HDReason: Algorithm-Hardware Codesign for Hyperdimensional Knowledge Graph Reasoning
Hanning Chen, Yang Ni, Ali Zakeri, Zhuowen Zou, Sanggeon Yun, Fei Wen, Behnam Khaleghi, Narayan Srinivasa, Hugo Latapie, Mohsen Imani
TL;DR
HDReason introduces an algorithm-hardware co-design for Knowledge Graph Completion by leveraging Hyperdimensional Computing to replace bulky GCN-based reasoning with efficient, interpretable hypervector operations. The HDL-based FPGA framework coalesces a Hyperspace Encoder, Memorization-based neighbor aggregation, and a TransE-like scoring backend, enabled by a density-aware CPU scheduler and forward/backward co-optimization. Empirical results across large KG datasets show HDReason delivering substantial speedups and energy efficiency gains over RTX-class GPUs (average 10.6x speedup, 65x energy efficiency) and competitive accuracy against state-of-the-art GCN training platforms, with robust performance under dimension reduction and quantization. This work demonstrates that algorithm-hardware co-design with HDC can achieve end-to-end, energy-efficient KGC on programmable accelerators, supporting scalable reasoning for real-world KG applications.
Abstract
In recent times, a plethora of hardware accelerators have been put forth for graph learning applications such as vertex classification and graph classification.

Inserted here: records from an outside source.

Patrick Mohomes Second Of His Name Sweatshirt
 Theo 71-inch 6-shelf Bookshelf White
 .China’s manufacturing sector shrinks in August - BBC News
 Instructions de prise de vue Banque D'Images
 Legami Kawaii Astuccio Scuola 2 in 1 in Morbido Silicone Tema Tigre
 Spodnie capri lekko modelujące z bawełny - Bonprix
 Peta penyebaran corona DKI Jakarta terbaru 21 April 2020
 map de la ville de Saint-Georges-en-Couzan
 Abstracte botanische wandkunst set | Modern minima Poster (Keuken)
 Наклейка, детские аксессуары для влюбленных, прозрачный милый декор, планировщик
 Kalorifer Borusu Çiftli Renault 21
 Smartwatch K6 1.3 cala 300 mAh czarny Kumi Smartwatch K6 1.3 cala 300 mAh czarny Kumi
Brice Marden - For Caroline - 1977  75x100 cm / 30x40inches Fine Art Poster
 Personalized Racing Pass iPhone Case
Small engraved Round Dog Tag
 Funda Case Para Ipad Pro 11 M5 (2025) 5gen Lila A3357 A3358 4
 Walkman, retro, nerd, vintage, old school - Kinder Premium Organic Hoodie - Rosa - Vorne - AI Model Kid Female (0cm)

However, previous works have paid little attention to Knowledge Graph Completion (KGC), a task that is well-known for its significantly higher algorithm complexity. The state-of-the-art KGC solutions based on graph convolution neural network (GCN) involve extensive vertex/relation embedding updates and complicated score functions, which are inherently cumbersome for acceleration. As a result, existing accelerator designs are no longer optimal, and a novel algorithm-hardware co-design for KG reasoning is needed. Recently, brain-inspired HyperDimensional Computing (HDC) has been introduced as a promising solution for lightweight machine learning, particularly for graph learning applications. In this paper, we leverage HDC for an intrinsically more efficient and acceleration-friendly KGC algorithm. We also co-design an acceleration framework named HDReason targeting FPGA platforms. On the algorithm level, HDReason achieves a balance between high reasoning accuracy, strong model interpretability, and less computation complexity. In terms of architecture, HDReason offers reconfigurability, high training throughput, and low energy consumption. When compared with NVIDIA RTX 4090 GPU, the proposed accelerator achieves an average 10.6x speedup and 65x energy efficiency improvement. When conducting cross-models and cross-platforms comparison, HDReason yields an average 4.2x higher performance and 3.4x better energy efficiency with similar accuracy versus the state-of-the-art FPGA-based GCN training platform.